The World Bank estimates that the average annual earnings for Guyana will be around US$2.1B per year. And this is only for exploiting 20 percent of the total gross recoverable reserves. This estimate was done before some of the latest findings by the oil companies. More importantly, it assumes the lop-sided terms – two percent royalty and 50 percent profit oil – which were negotiated by the APNU+AFC and which the PPP/C has so far declined to renegotiate. Guyana’s total take will be 14.5 percent.
The point, which Glenn Lall has been making is that had Guyana gotten better terms – say 10 percent royalties along with corporation taxes – the net revenues earned by the country would have been far greater.
But Jagdeo is not going to admit that because his government has failed to renegotiate the oil agreement to ensure a better deal. Instead, he now wants the public to accept that the government is pressing for better terms including local content.
Local content cannot be considered an additional benefit to be negotiated. Local content should come with any oil agreement. This is not an additional benefit.
Jagdeo says he is being told that over the past couple of months many of the foreign companies are now hurrying to hire local personnel. He is basing his assessment on hearsay rather than an empirical measurement of the actual increase in employment.
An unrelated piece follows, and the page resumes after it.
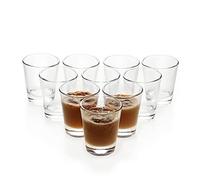 BCnmviku Set di bicchierini da liquore, 5 cl/50 ml, lavabili in lavastoviglie, per Vodka Tequila (10)
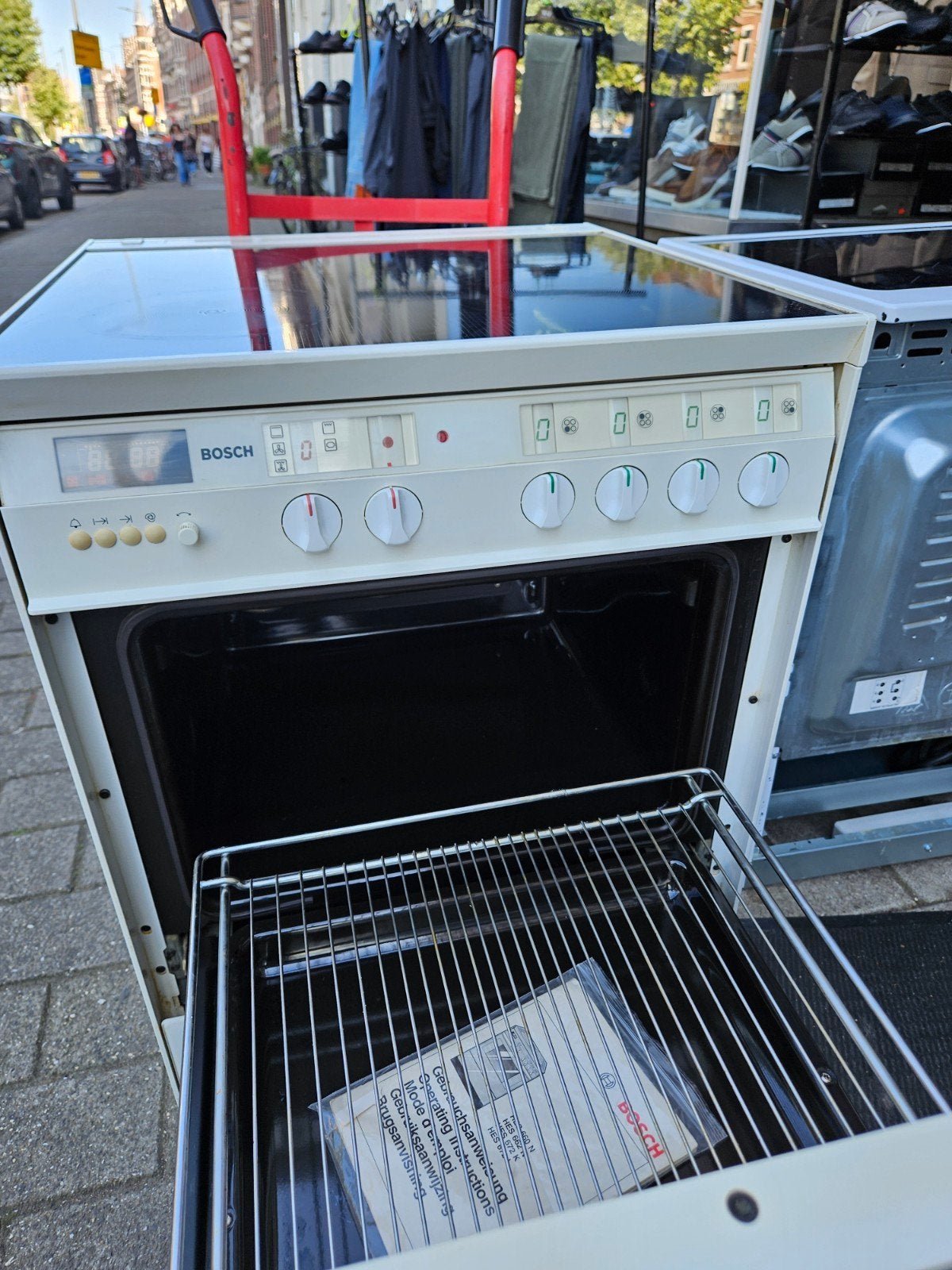 Bosch keramisch fornuis, Ophalen, Gebruikt, Warmhoudplaat, Keramisch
That is how the oil sector is being managed, on the basis of hearsay.
The fact of the matter is that the local content ship has already sailed. Irfaan and Bharrat, however, are on the shore base with outstretched arms waiting to welcome a ship, which is leaving rather than entering the port.
Exxon has long said that the amount of direct employment on the rig for Guyanese would be limited. And the Americans and Trinidadians and other companies have long captured the supply chain market for the local oil industry
But more importantly, no new law or policy can disadvantage Exxon. The government can pass whatever local content law it wants, Exxon is above those laws or policies, according to its agreement. If Jagdeo did not know that, then he now knows.
(The views expressed in this article are those of the author and do not necessarily reflect the opinions of this newspaper.)